LA CHRONIQUE de Éléna Fourès,
Il n’est pas souhaitable de « copiner » avec son patron. Il faut garder à son égard une juste distance et une posture appropriée, celle de la fonction. Ceci n’exclut nullement une relation chaleureuse et un climat d’interaction agréable. Selon la culture de l’entreprise, la distance entre un subordonné et son patron varie considérablement. Un jeune manageur, issu d’une entreprise française où l’on se vouvoyait, a éprouvé des difficultés à s’intégrer dans une entreprise américaine, où tout le monde se tutoyait. Il trouvait ce mode relationnel « bizarre » et peinait à appeler ses patrons par leur prénom. Une année plus tard, son assessment (évaluation à 360 degrés, NDLR) a révélé qu’il était perçu comme « distant » ou « coincé », ce qui a eu un impact négatif sur sa carrière.

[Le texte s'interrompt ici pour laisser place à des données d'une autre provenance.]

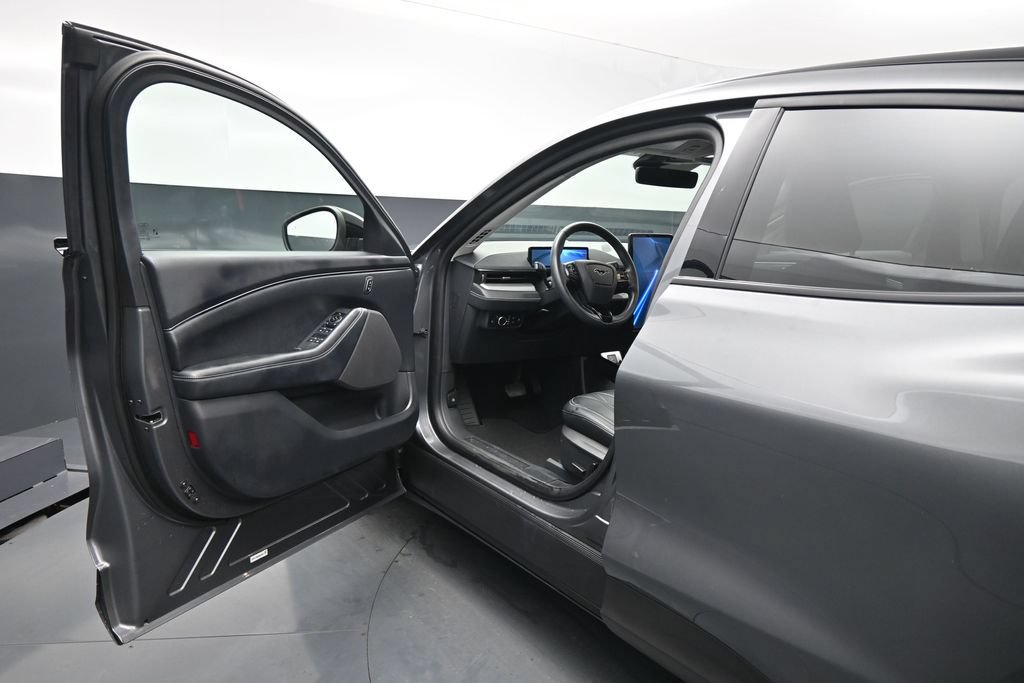 Certified 2023 Ford Mustang Mach-E Select RWD image 9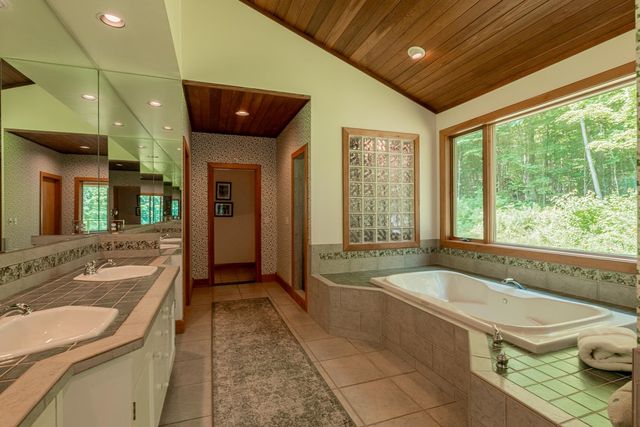 84 Frost Pond Road, Dorset, VT 05251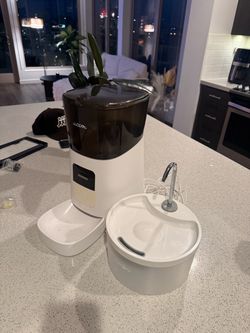 Cat feeder and water bowl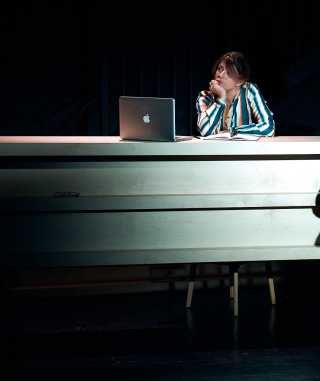 Omslagsbilde årsmelding 2020. Skuespiller Ingjerd Egeberg i forestillingen Linda Vista.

Fixez-vous donc des repères de bon sens pour ne pas commettre d’erreurs de positionnement. N’oubliez pas que toute relation d’ordre hiérarchique est basée sur le respect mutuel et implique naturellement une certaine distance. Autre exemple sur le même thème que le précédent mais poussé à l’extrême : celui de cette femme cadre qui vouvoie sa patronne, tandis que sa supérieure hiérarchique, elle, la tutoie. Cette « asymétrie » de la relation a graduellement instillé un sentiment d’amertume chez la subordonnée qui, un beau jour, a provoqué un « clash » avec sa patronne sur un tout autre sujet, mais lui a brusquement reproché son manque de respect.

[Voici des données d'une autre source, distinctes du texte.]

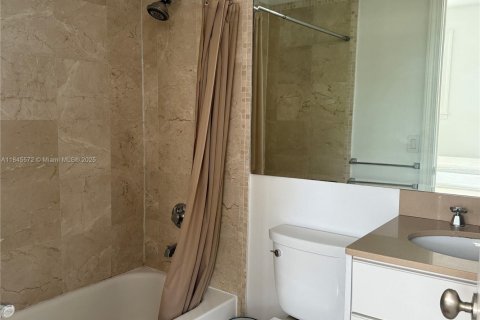 Condo in Miami Beach, Florida, 2 bedrooms  № 1890574 - photo 11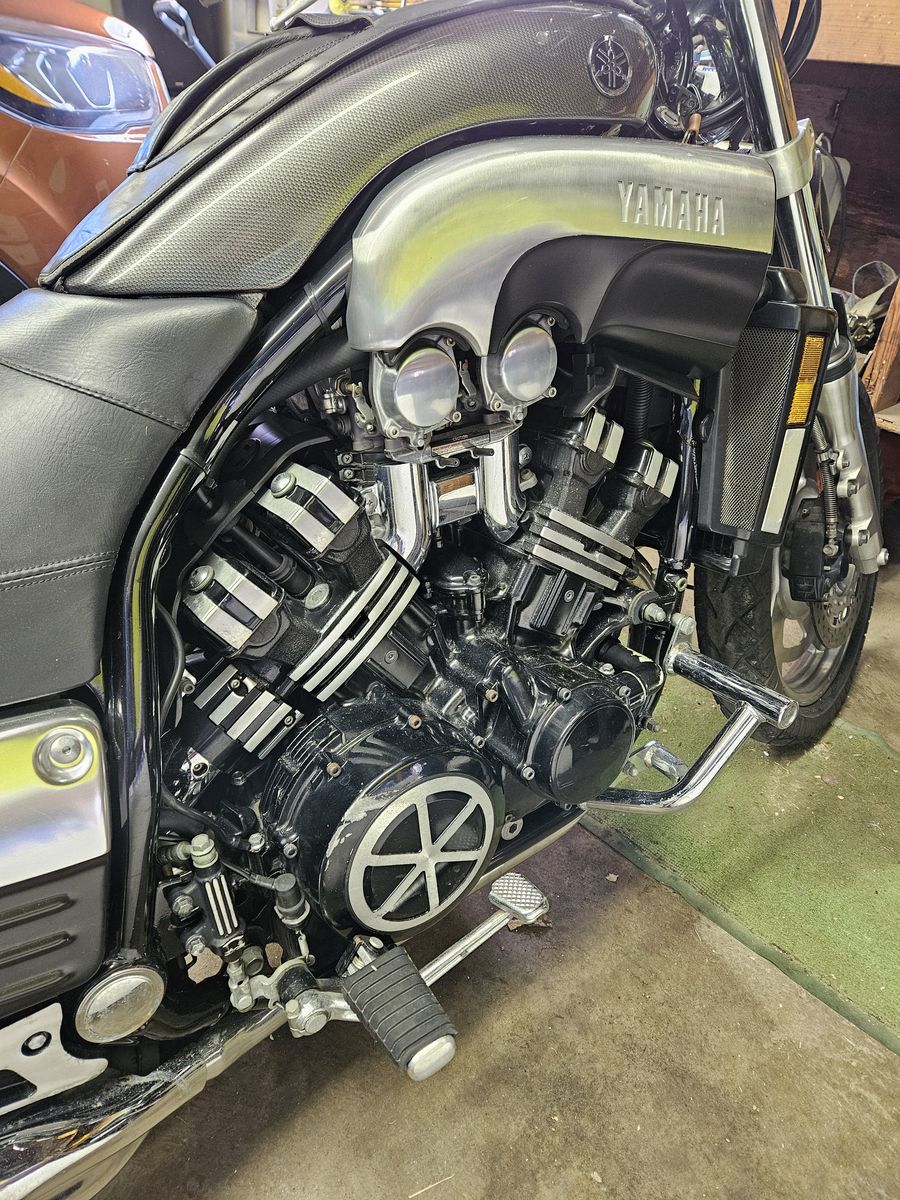 2002 Yamaha VMAX
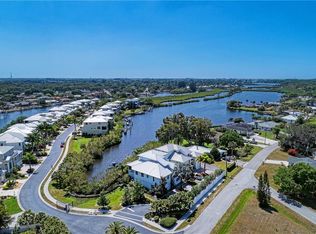 818 Shakett Creek Dr, Nokomis, FL 34275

Un patron qui veut « copiner » cherche probablement à obtenir de la reconnaissance personnelle et s’inscrit dans un mode de management affectif. Ne rentrez pas dans ce jeu susceptible de vous «pomper » : toute dépendance, affective ou non, ne peut qu’aller en s’accroissant et donc exiger de toujours augmenter la « dose ».

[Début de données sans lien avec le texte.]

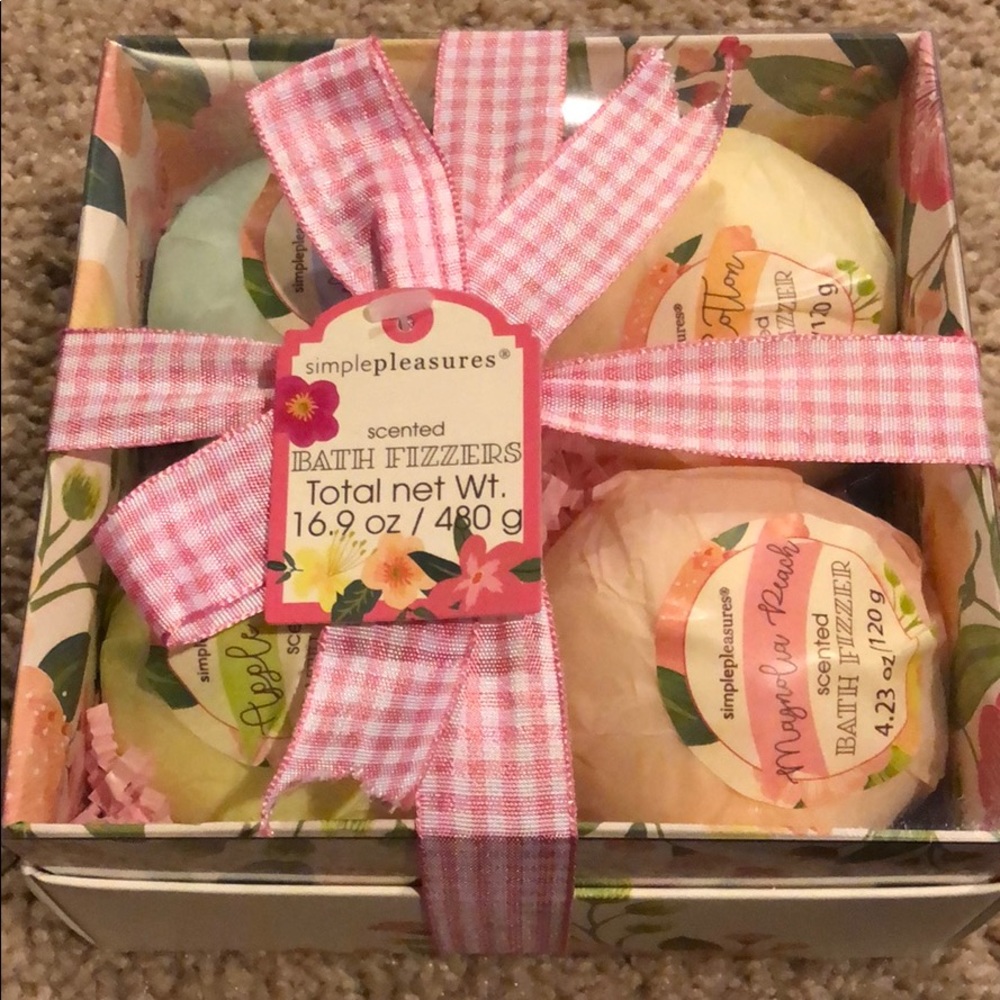 BATH BOMBS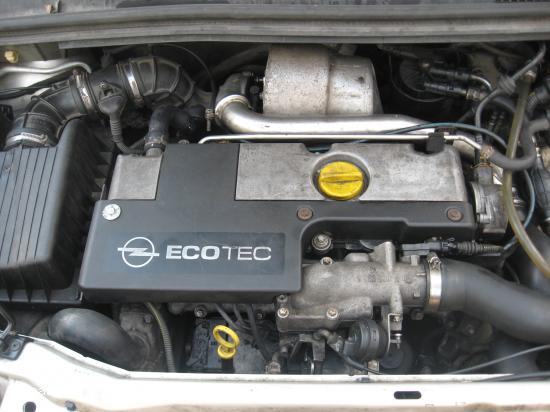 Dezmembrez Opel Zafira
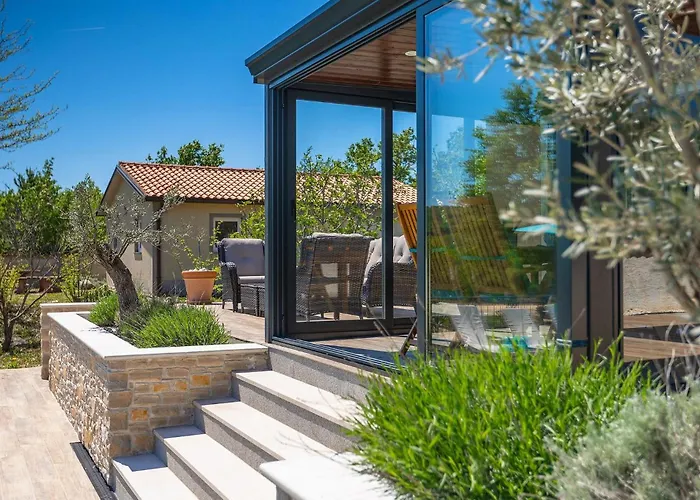 Krasna Kuca 度假居 *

Les avances amicales du patron peuvent même aboutir à de la manipulation pure. Je pense au cas d’une femme, manager dans l’audio-visuel, qui avait noué une très proche relation amicale avec sa patronne. Cette dernière l’invitait souvent chez elle, au point que leurs enfants respectifs étaient devenus amis. Quand la patronne a été limogée, on a proposé le poste à la femme manager. Cette dernière l’a refusé, incapable « de faire cela à son amie » et l’entreprise a recruté quelqu’un d’externe. « J’ai compris trop tard que je m’étais fait piéger », dit aujourd’hui la manageuse, restée enfermée dans un rôle de « second couteau ».